**TASK REQUIREMENTS**
Exactly the lines below from the one with "Group of 10 Wrist Watches" up to and including the one with "Talented Chef Kitchen" make up the answer, with nothing else added.

Web page caption snippets
▶

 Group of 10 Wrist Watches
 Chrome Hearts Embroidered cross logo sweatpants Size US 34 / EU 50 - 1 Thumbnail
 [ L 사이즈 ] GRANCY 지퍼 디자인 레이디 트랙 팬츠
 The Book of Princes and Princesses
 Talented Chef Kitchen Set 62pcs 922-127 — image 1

◀
▶

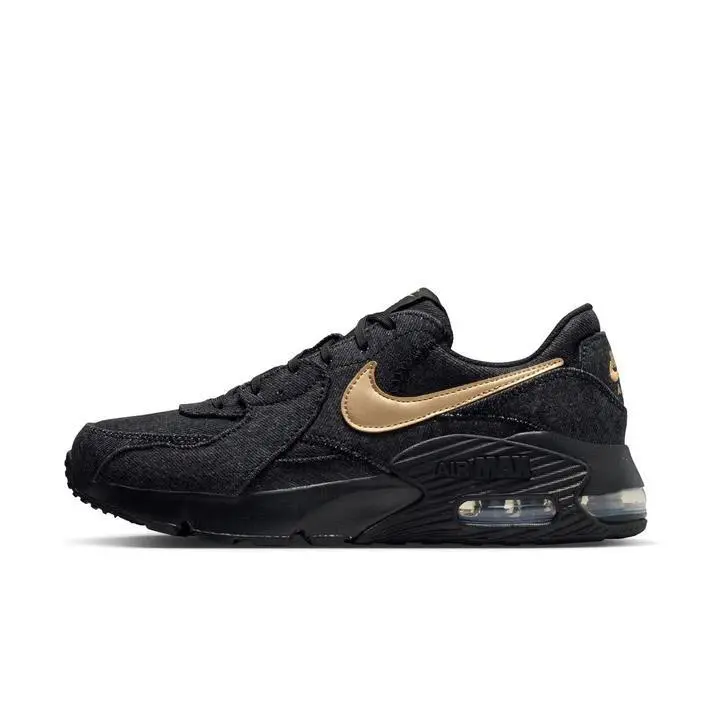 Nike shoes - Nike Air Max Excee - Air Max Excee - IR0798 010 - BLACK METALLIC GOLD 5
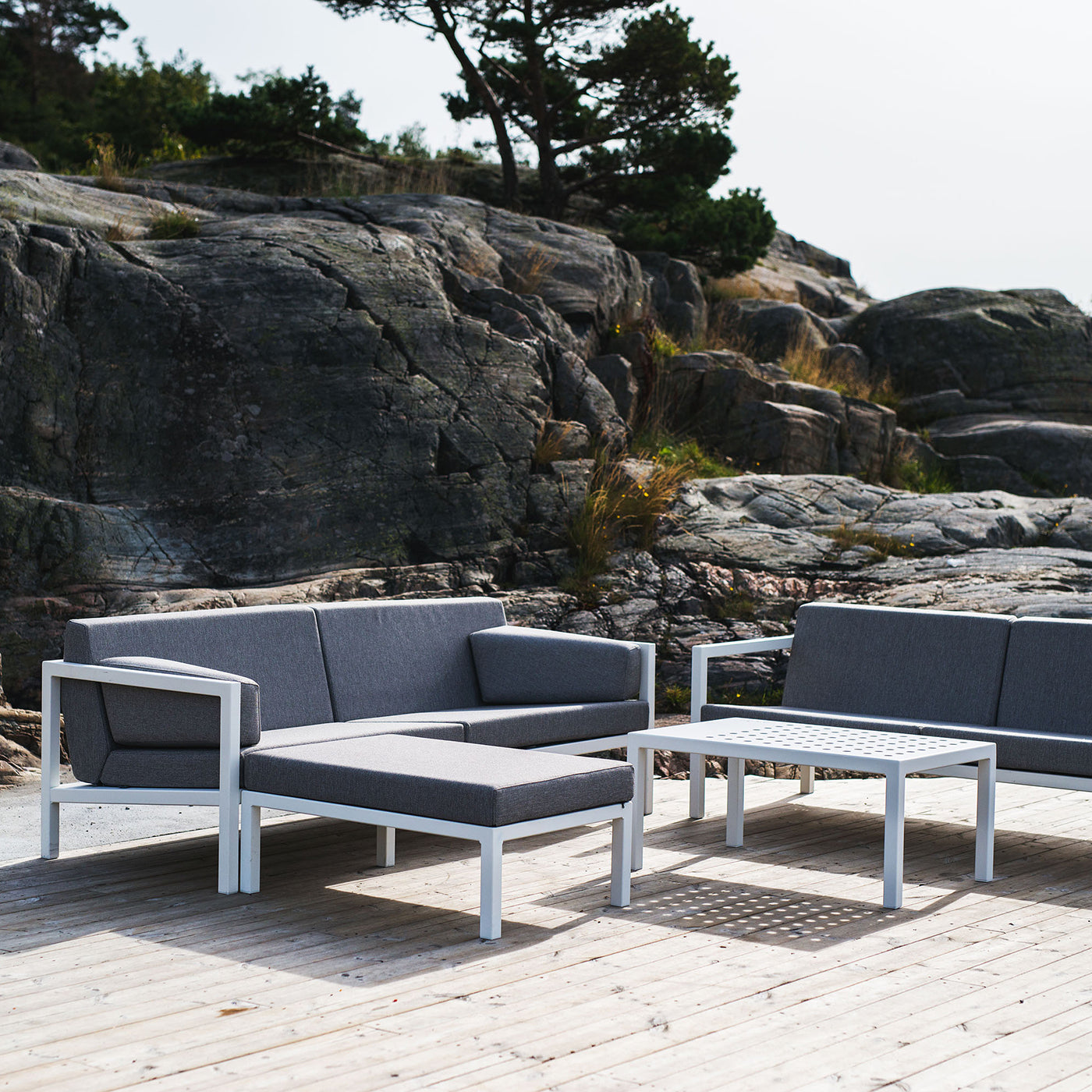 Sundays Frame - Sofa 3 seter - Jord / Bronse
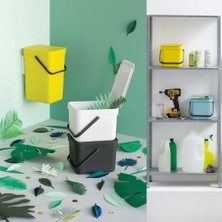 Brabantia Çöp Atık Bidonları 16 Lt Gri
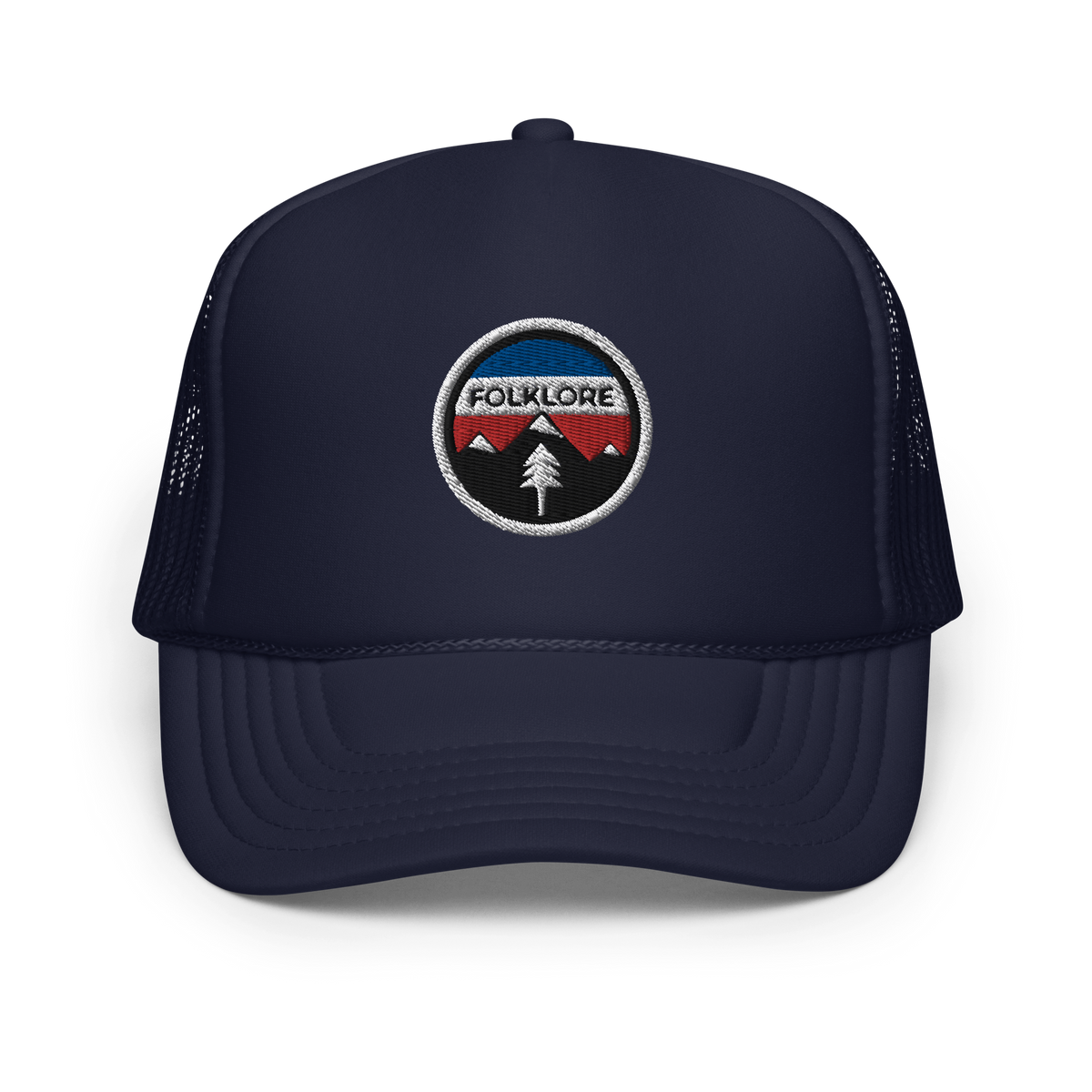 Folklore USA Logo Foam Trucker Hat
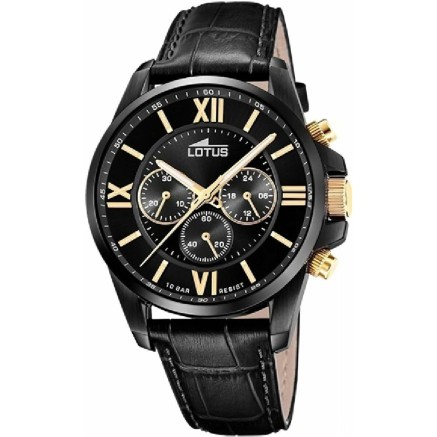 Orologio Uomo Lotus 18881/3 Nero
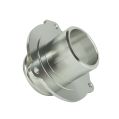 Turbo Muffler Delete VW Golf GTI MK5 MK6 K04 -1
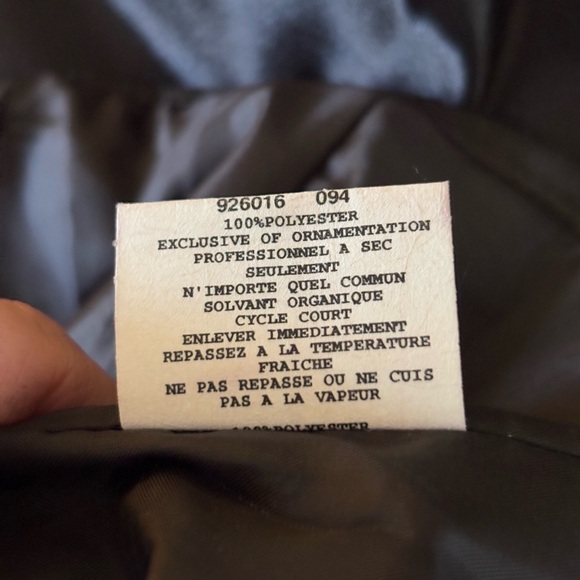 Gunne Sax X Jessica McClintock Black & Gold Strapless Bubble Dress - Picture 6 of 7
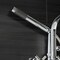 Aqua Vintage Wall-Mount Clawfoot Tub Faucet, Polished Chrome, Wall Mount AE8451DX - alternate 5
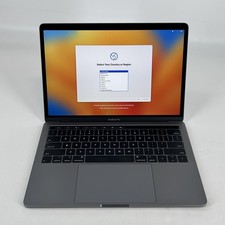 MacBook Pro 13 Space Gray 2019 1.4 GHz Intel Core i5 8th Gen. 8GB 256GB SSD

◀

**EXERCISE ANSWER**
 Group of 10 Wrist Watches
 Chrome Hearts Embroidered cross logo sweatpants Size US 34 / EU 50 - 1 Thumbnail
 [ L 사이즈 ] GRANCY 지퍼 디자인 레이디 트랙 팬츠
 The Book of Princes and Princesses
 Talented Chef Kitchen Set 62pcs 922-127 — image 1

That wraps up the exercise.